Bank executive director for Zambia, Andrew Bvumbe, who visited the country last week stated that the international lender was happy with Zambia’s zeal to develop a home grown economic programme and that the donors are ready to support the cause to better the lives of people.

Bvumbe said Zambia’s pursuance of economic recovery programme was commendable and the addressing of macroeconomic fundamentals as evidenced by low inflation and the local currency show signs of stability.

The World Bank welcomed government’s focus on prioritising development in agriculture, rural road development and energy, all key to creating jobs and enhancing economic development.

The World Bank, further noted with pleasure how Zambia is pursuing the International Monetary

Fund (IMF) for $1.6 billion bridging finance to realign the economy and that the developments are progressive which need support.

“We are happy with how the discussions with the IMF are moving. On the policy level we are converging with the Fund and this is important for us to move forward. We are looking forward to the conclusion of these discussions between Zambia and the Fund.

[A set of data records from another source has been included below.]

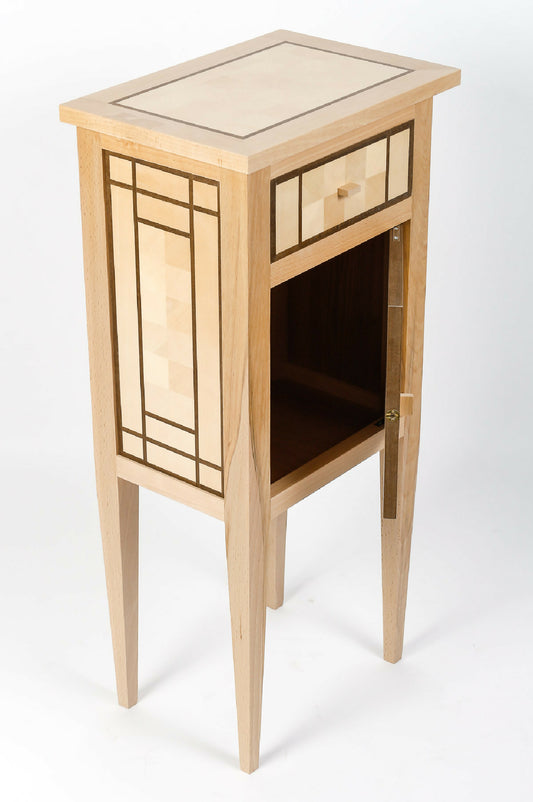 Table-de-chevet-en-bois-massif-artisanat-francais-1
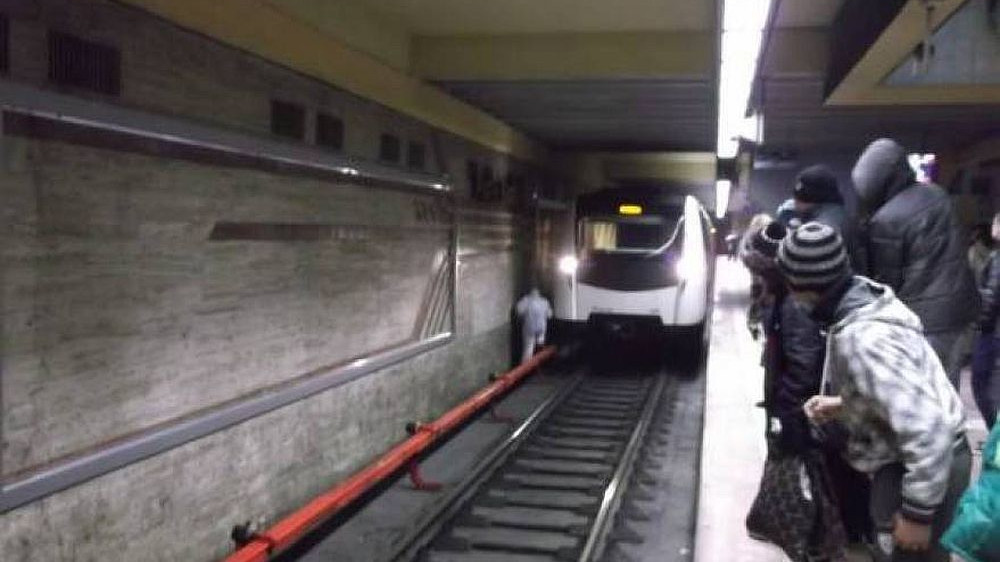 O persoană a căzut pe şinele de la staţia de metrou Basarab. E posibilă o tentativă de sinucidere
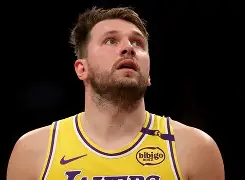 布鲁克林篮网调整名单备战NBA常规赛东契奇连续十场比赛得分超过绝杀，媒体一致点评：阿斯顿维拉赛前回应争议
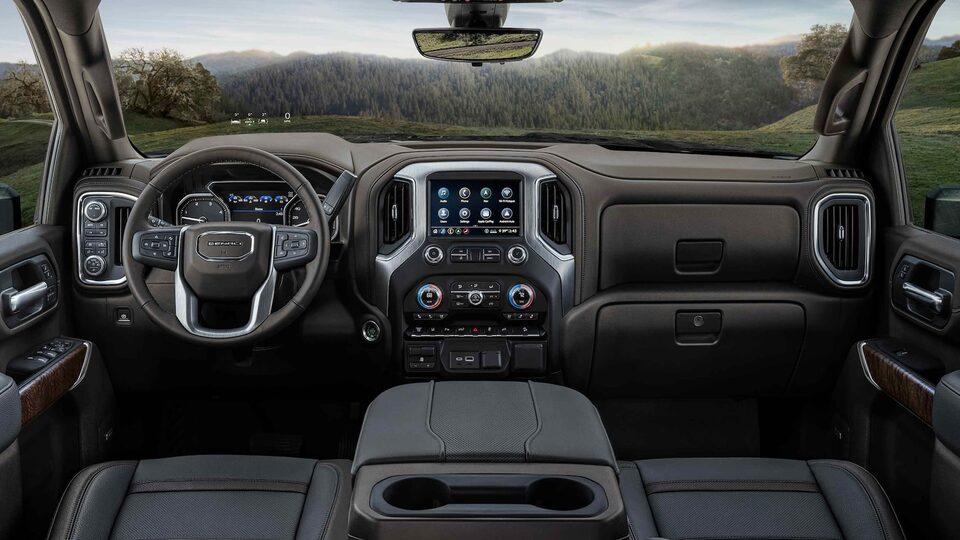The Steering Wheel, Heads-Up Display, and Infotainment System on the GMC Sierra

“Broadly speaking, I am happy with the updates I got from the minister on the economic front and macro fundamentals that are good. We have a good foundation to move forward and make a difference in the lives of ordinary Zambians,” Bvumbe said.

Felix Mutati, the Zambian Finance Minister has commended the World Bank for the gesture adding that that the committed to increasing its support to Zambia under the IDA was welcome.

Speaking to The Southern Times on the sidelines of the meeting with World Bank, Mutati stated that the coming of the bank was timely as the country was grappling to stabilize the economy and ensure there is fiscal consolidation to grow the economy.

Zambia has since agreed to the terms given by the World Bank to utilise the resources to transform critical sectors to address poverty, job creation and inclusive growth.

Zambia has been elected to host the IDA meeting in November this year. In a related development, Zambia’s cooperating partners, headed by the United States have also commended the country over its economic growth programme and for maintaining an open-door engagement policy in the process of driving the country’s economy towards stabilisation and growth.

Leader of the cooperating partners, Eric Schultz said the donors were happy with the country’s resilience to seek to grow the economy as espoused under the $4.5 billion budget for 2017.

The Co-operating Partners Group included United States, France, Italy, China, Ireland, Sweden, Britain, Japan, Finland, Germany, United Nations, World Bank, International Monetary Fund, European Union, African Development Bank and International Labour Organisation said they were happy with the vision of Zambia.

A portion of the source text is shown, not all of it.